((
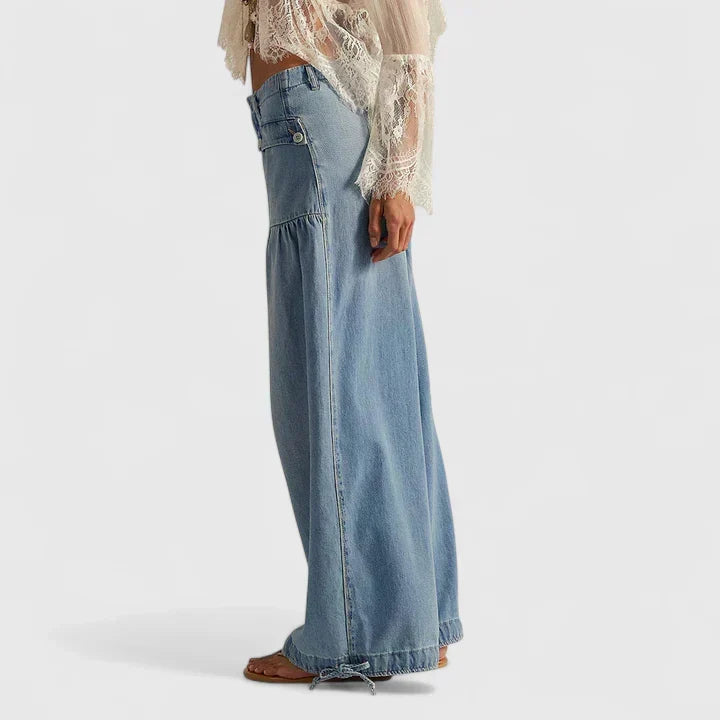 Lani | Elegant Wide Leg Pants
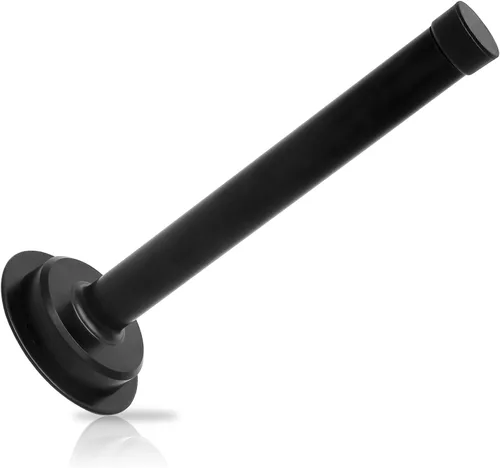 1 tope de puerta de 6 pulgadas, tapón de puerta largo autoadhesivo para puerta, tope de puerta de acero inoxidable con amortiguación de sonido, tope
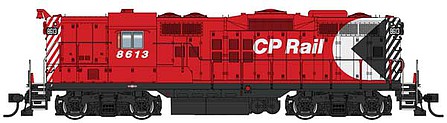 Life-Like-Proto EMD GP9 Phase II - LokSound 5 Sound and DCC Canadian Pacific #8613 (Action Red, white, black, Multimark Logo)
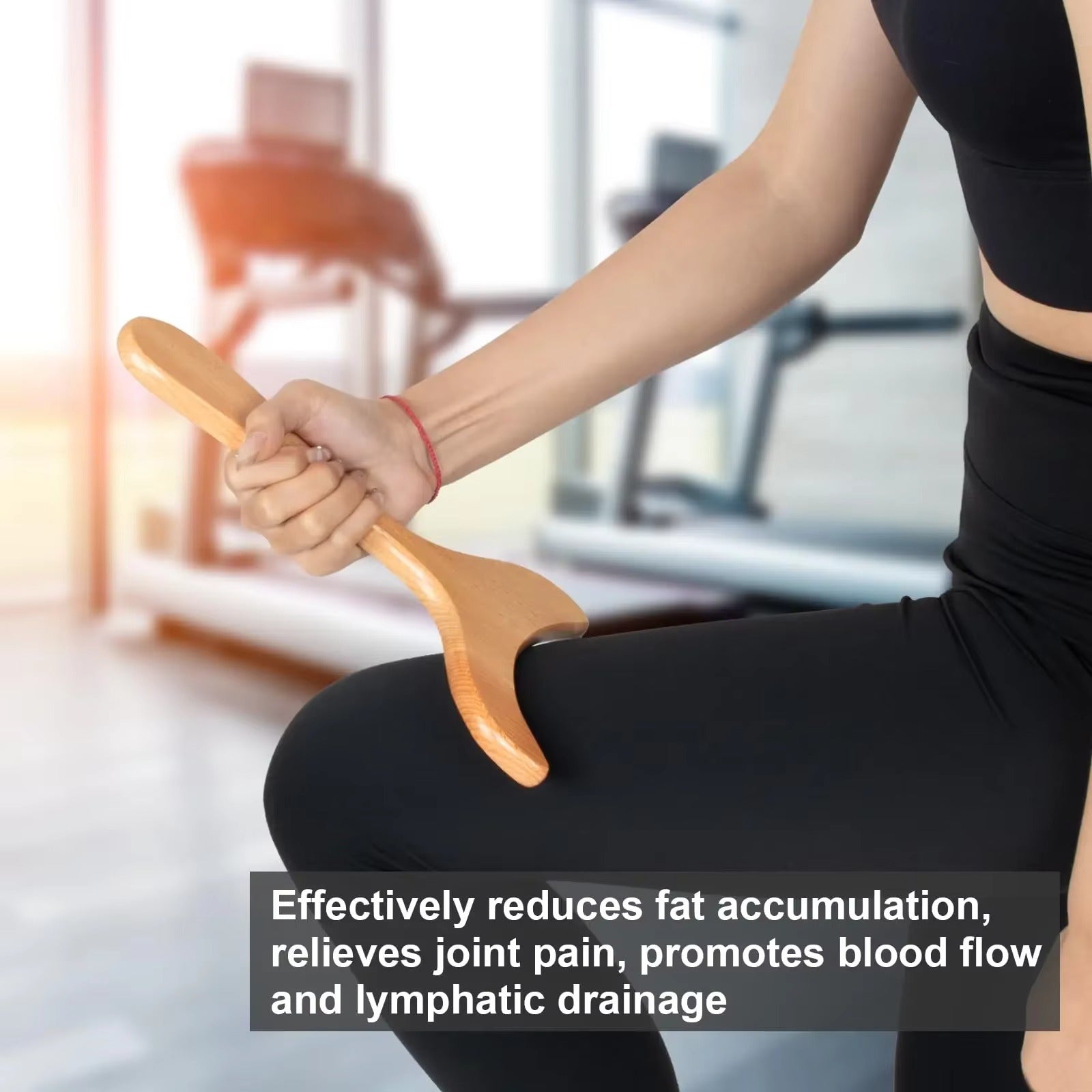 Shiva Houten Lymfedrainage Massage Paddle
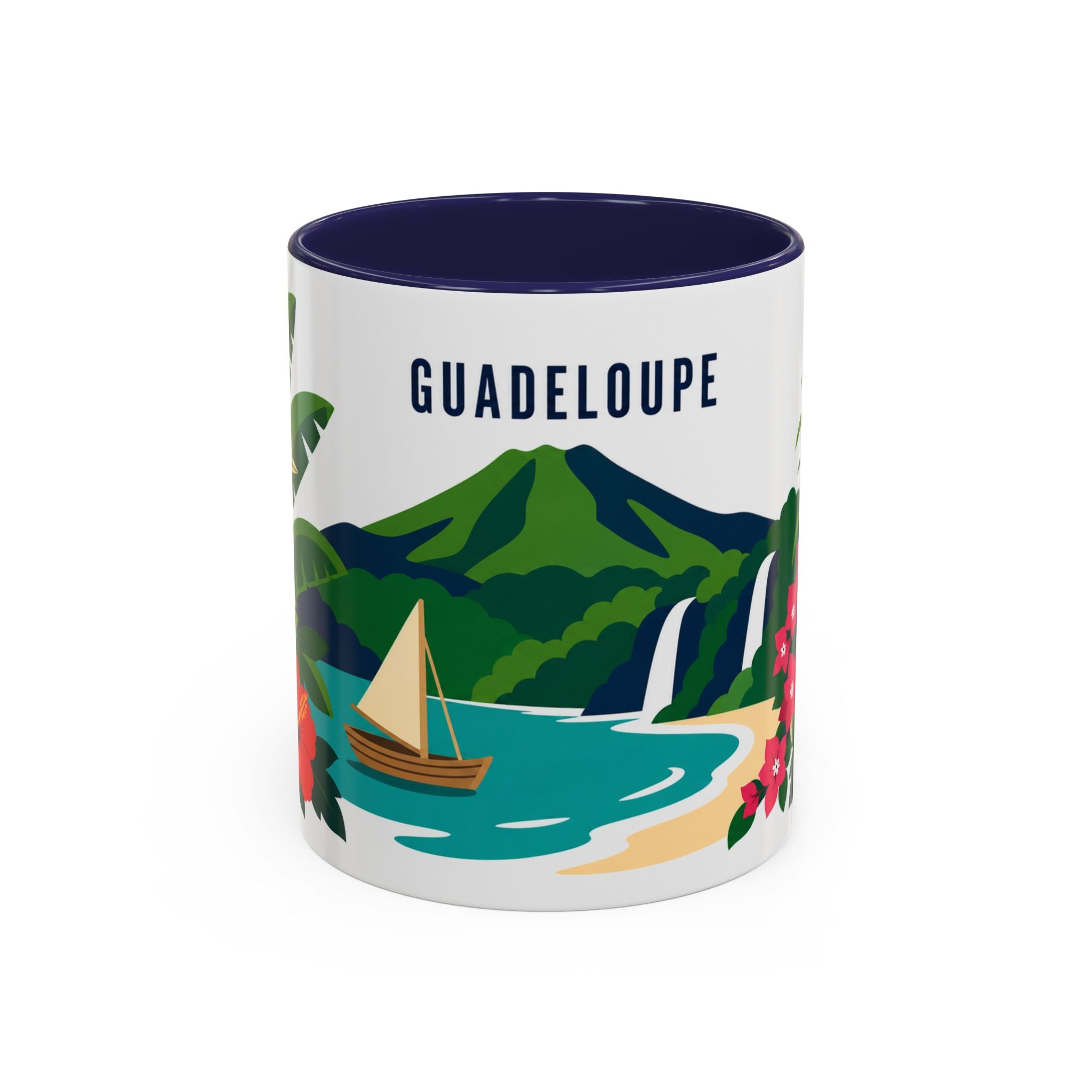 Guadeloupe Coffee Mug | Travel Souvenir Accent Mug | Country Gift Ceramic Cup 11oz 15oz
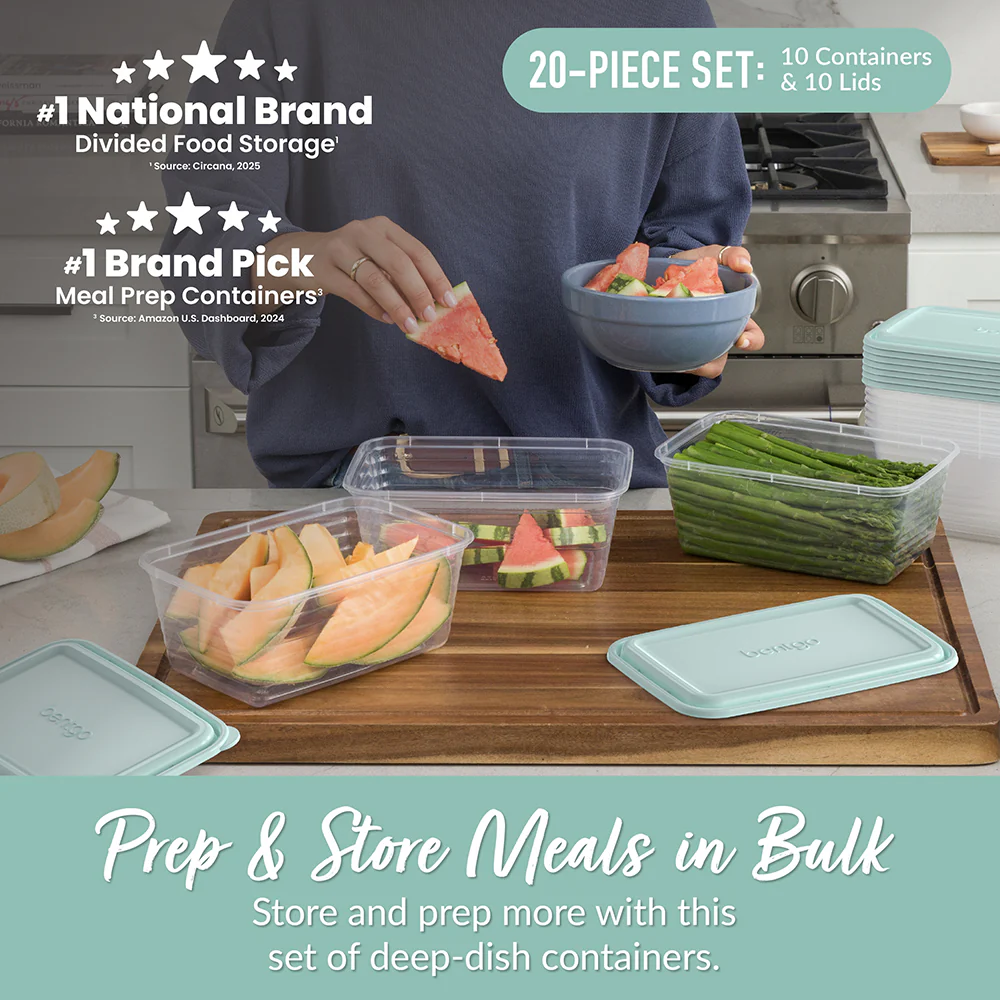 Bentgo Prep 8-Cup Deep-Dish Container (20-Piece Set) - Image 2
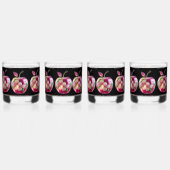 Gedrukt blikglas whisky glas (Voorkant)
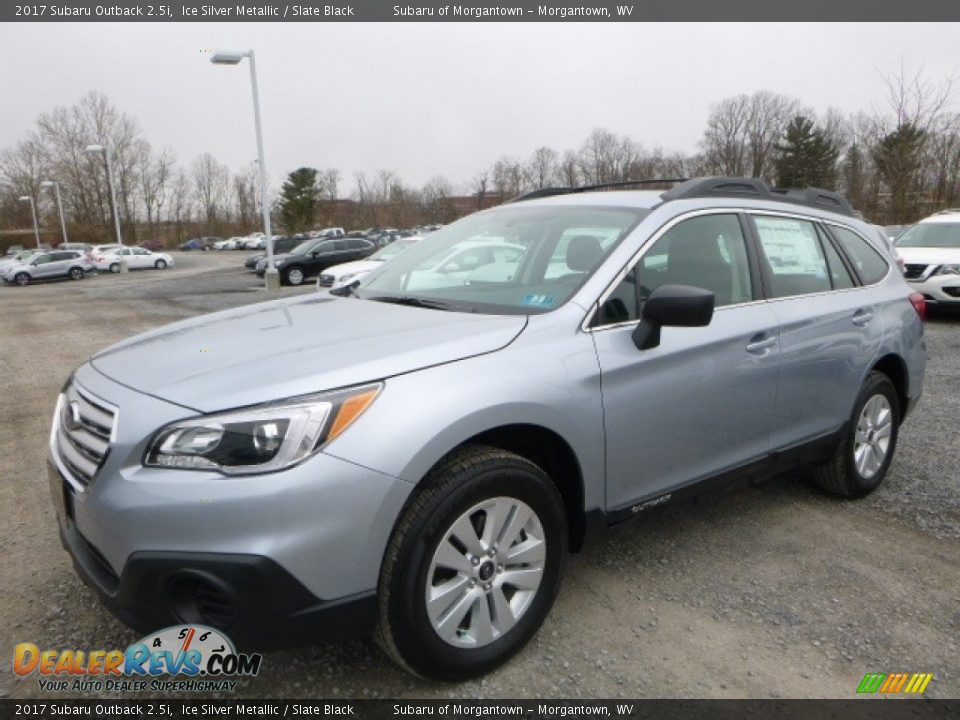 2017 Subaru Outback 2.5i Ice Silver Metallic / Slate Black Photo #11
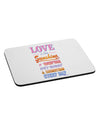 Love is like Sunshine - Quote Mousepad-TooLoud-White-Davson Sales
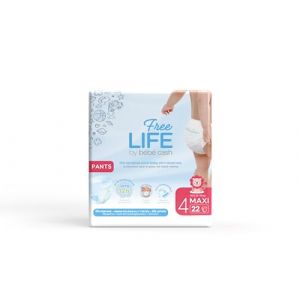 Pantalons-couches Freelife Pull up Pants Maxi (8 à 15 kg) avec rangement, 6 boîtes de 22 = 132 couches (HEUREUX BEBES, neuf)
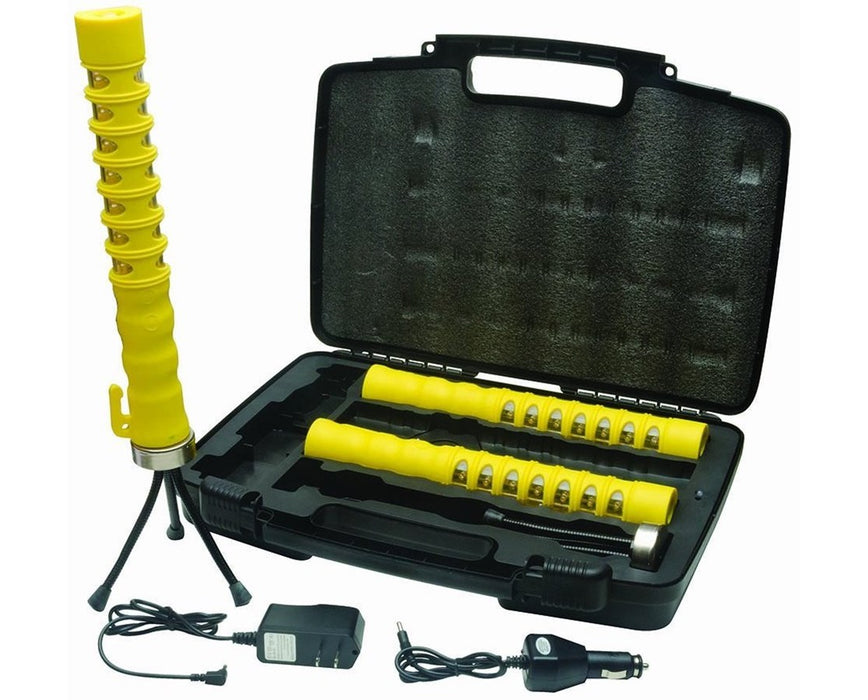 Baton Traffic 3-Flare Kit Amber LEDs (Yellow Baton) - 2/pk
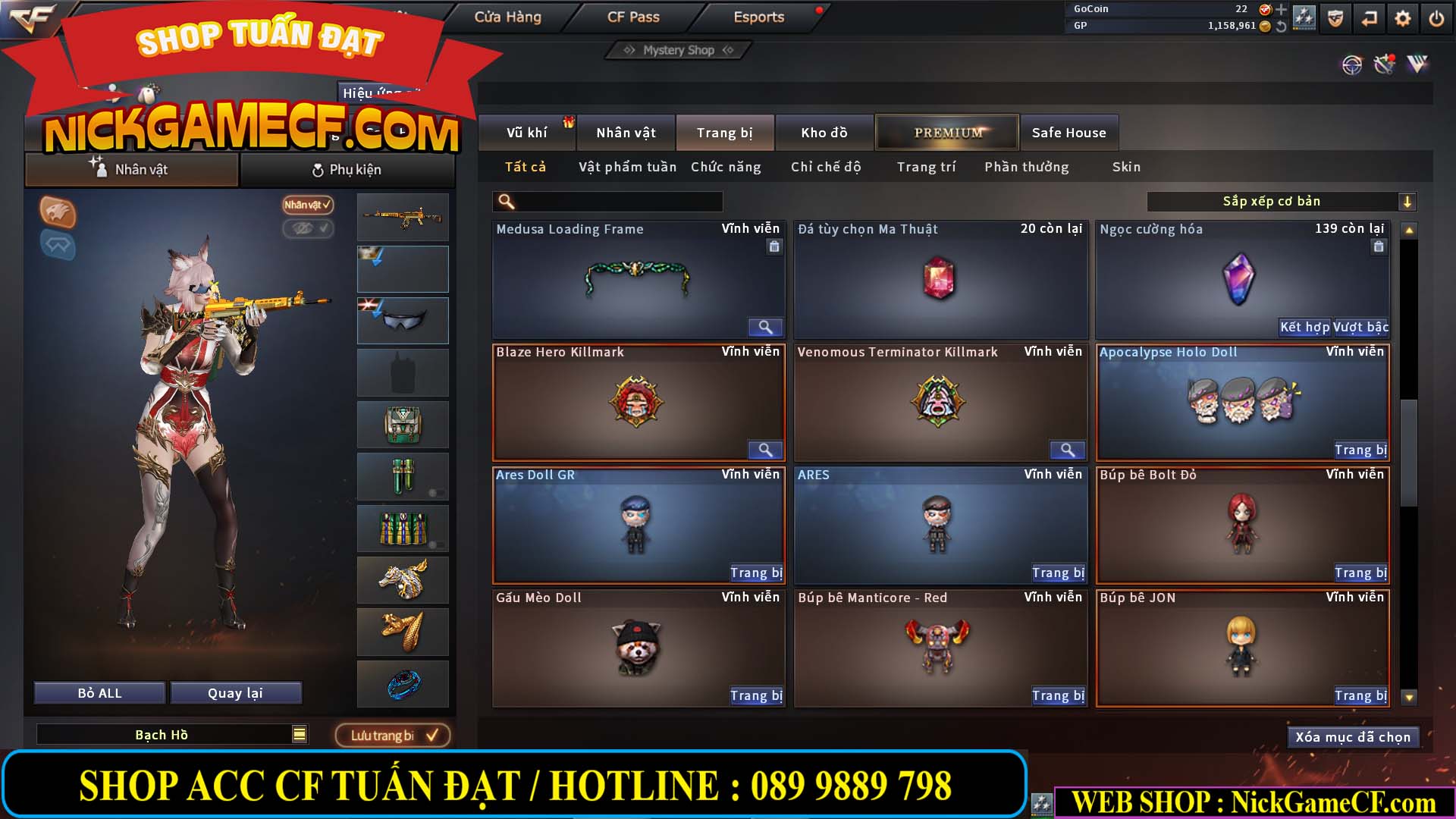 MÃ CF13770 - GIÁ : 2550K - CHIẾN C4 DÂN CHƠI SƯU TẦM 0 VIP - VIP5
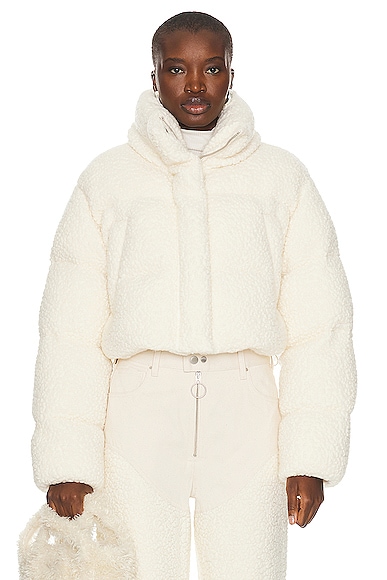 Shop Cordova Kozzy Puffer Jacket In Natural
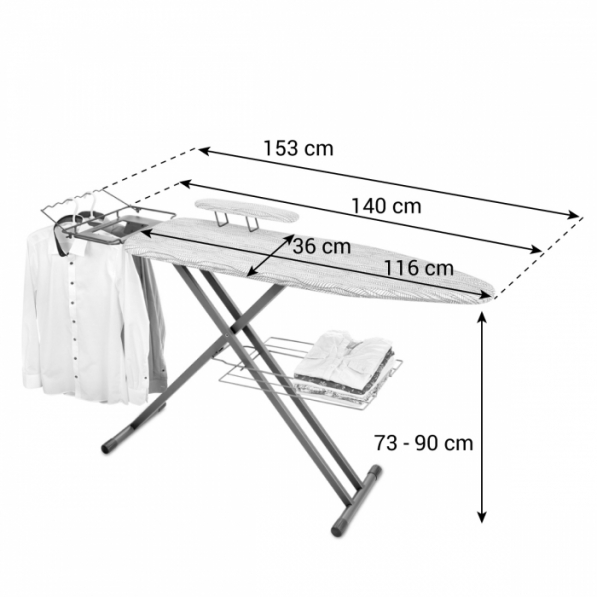 TESCOMA Fancy Home 116 x 36 cm - deska do prasowania metalowa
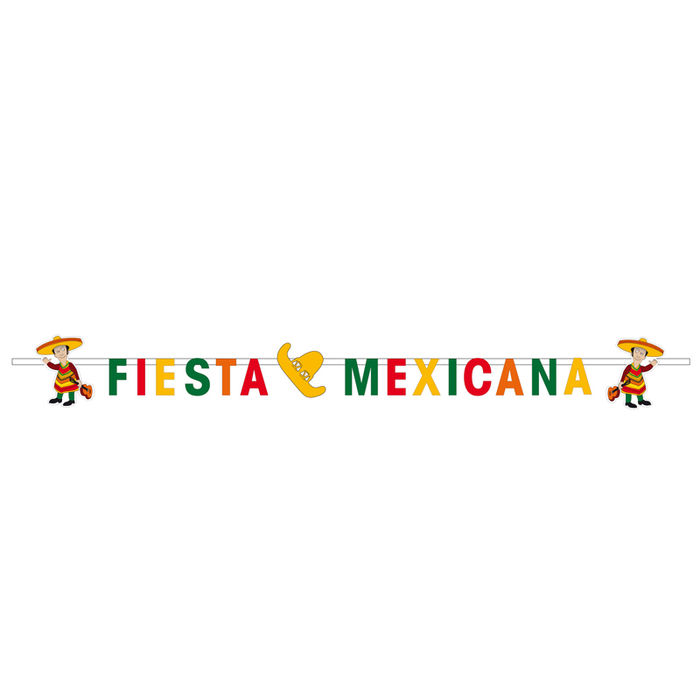 Girlande Fiesta Mexicana gelb/rot/grün, 260 cm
))
● Your task: Could you reproduce exactly the lines running from the one with "Love is like" through the final line of the listing above, both included, and drop the pictures?

● Solution to the exercise:
 Love is like Sunshine - Quote Mousepad-TooLoud-White-Davson Sales
 Pantalons-couches Freelife Pull up Pants Maxi (8 à 15 kg) avec rangement, 6 boîtes de 22 = 132 couches (HEUREUX BEBES, neuf)
 Baton Traffic 3-Flare Kit Amber LEDs (Yellow Baton) - 2/pk
 MÃ CF13770 - GIÁ : 2550K - CHIẾN C4 DÂN CHƠI SƯU TẦM 0 VIP - VIP5
 Shop Cordova Kozzy Puffer Jacket In Natural
 TESCOMA Fancy Home 116 x 36 cm - deska do prasowania metalowa
 Girlande Fiesta Mexicana gelb/rot/grün, 260 cm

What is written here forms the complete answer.